What will become legal on July 1 if Connecticut’s marijuana bill is signed?

Cannabis in Connecticut

HARTFORD, Conn. (WTNH) — Lawmakers took a lot of what worked in other states and built off of that and got rid of what didn’t work. So, starting July 1 you’ll be allowed to bring marijuana into the state of Connecticut.

Christina Capitan, Connecticut ‘Cannawarrior’ said, “I think it’s a historic day, it is the 50th anniversary of the war on drugs, and I think this is a first, great step…It is around us all over, and I believe people are putting themselves at risk by traveling across state lines.”

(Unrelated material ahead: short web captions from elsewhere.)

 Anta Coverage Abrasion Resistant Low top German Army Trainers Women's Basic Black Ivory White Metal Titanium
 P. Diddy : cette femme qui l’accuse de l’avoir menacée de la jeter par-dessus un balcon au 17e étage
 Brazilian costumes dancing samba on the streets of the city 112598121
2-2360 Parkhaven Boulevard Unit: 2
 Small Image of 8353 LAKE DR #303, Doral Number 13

The bill would limit the amount you could possess at home, or in a locked trunk, or locked glove box. You would be allowed one and a half ounces on your person. The bill is only for adults 21 years and older.

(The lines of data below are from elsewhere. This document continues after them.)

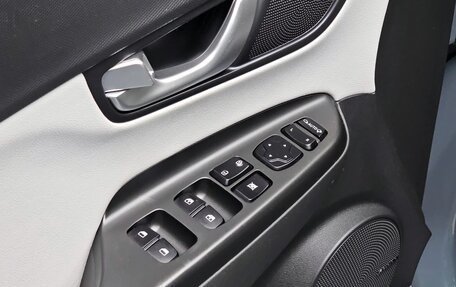 Hyundai Kona I, 2022 год, 1 510 000 рублей, 10 фотография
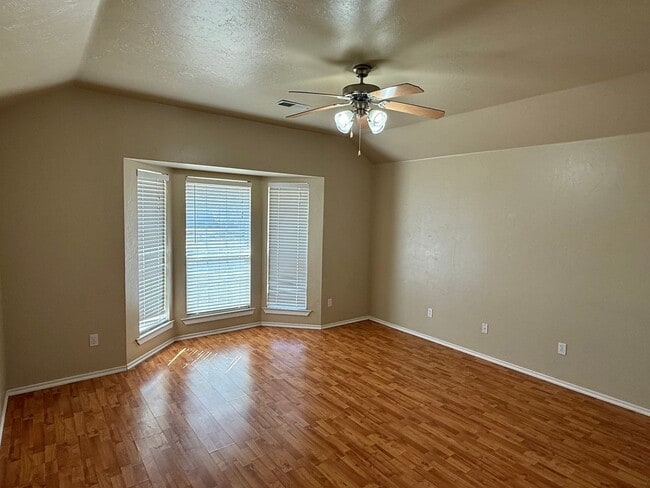 Photo - Great 3 Bed 2 Bath With Study In Edmond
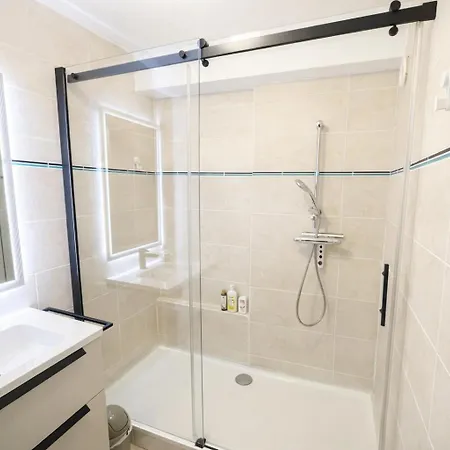 Apartment Proche - Wifi & Piscine Lgm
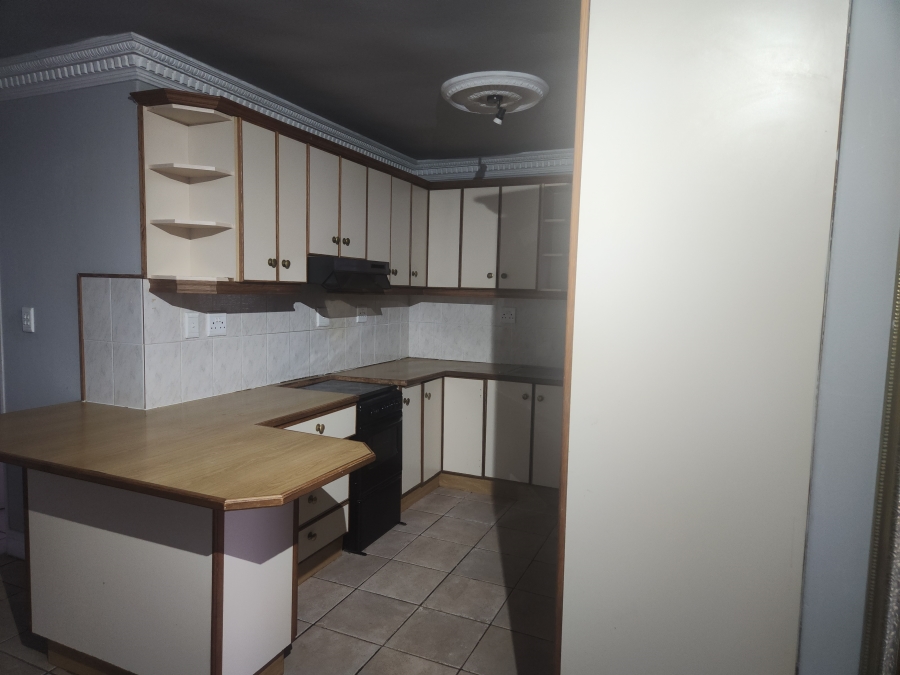 3 Bedroom Property for Sale in Lansdowne Western Cape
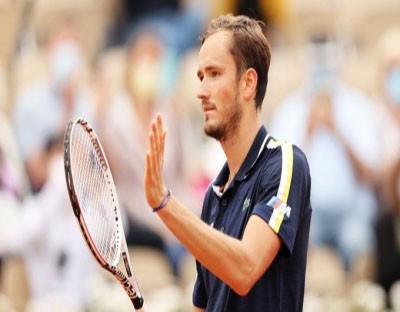 French Open: Medvedev to play Tsitsipas in quarterfinals French Open: Medvedev to play Tsitsipas in quarterfinals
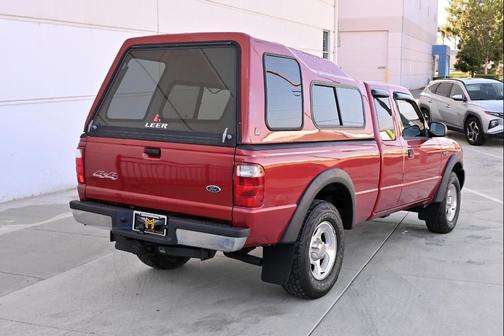 Red 2002 Ford Ranger XLT SuperCab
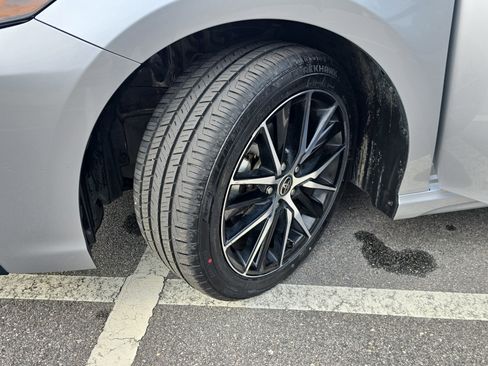 Used 2024 Toyota Camry SE image 31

Those ages 18 to 20 in possession of fewer than five ounces of marijuana would receive a fine, and those under the age of 18 would be referred to Youth Services. It bans public pot smoking and vaping. Towns can block businesses via zoning rules.

The cannabis laws mirror cigarette smoking; Employers have to ban it from inside workspaces. You can’t smoke it in a hotel, but you can possess it. And you cannot have it in a state park.

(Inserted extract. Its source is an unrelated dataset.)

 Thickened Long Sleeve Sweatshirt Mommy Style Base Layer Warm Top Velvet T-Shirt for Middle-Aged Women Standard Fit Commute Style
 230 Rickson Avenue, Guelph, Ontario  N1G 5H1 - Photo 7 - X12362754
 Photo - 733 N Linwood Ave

The bill also provides drugged-driving training for police departments. There will be an equity commission to monitor who gets licenses to sell commercially.

Grow your own will not start until July 1, 2023. A person can have six plants growing at one time, 12 in one household.

“…And if you are a smart sensible adult, you are going to make the right choices, to not drive all you were intoxicated and you were going to be respectful of others’ spaces, and their opinions, and I think we’ll get along great,” Capitan said.

There is still one more critical step the governor has to sign it; they are excited that lawmakers passed it but once he signs it, and the July 1 date comes around, they are going to be excited to not have to look over their shoulders for the police when they get their weed.

“I think this is one of the most sensible bills, within the United States. We might be the 19th state, but I think we are the first in equity and the first and being open-minded and allowing us to get back to our communities,” Capitan said.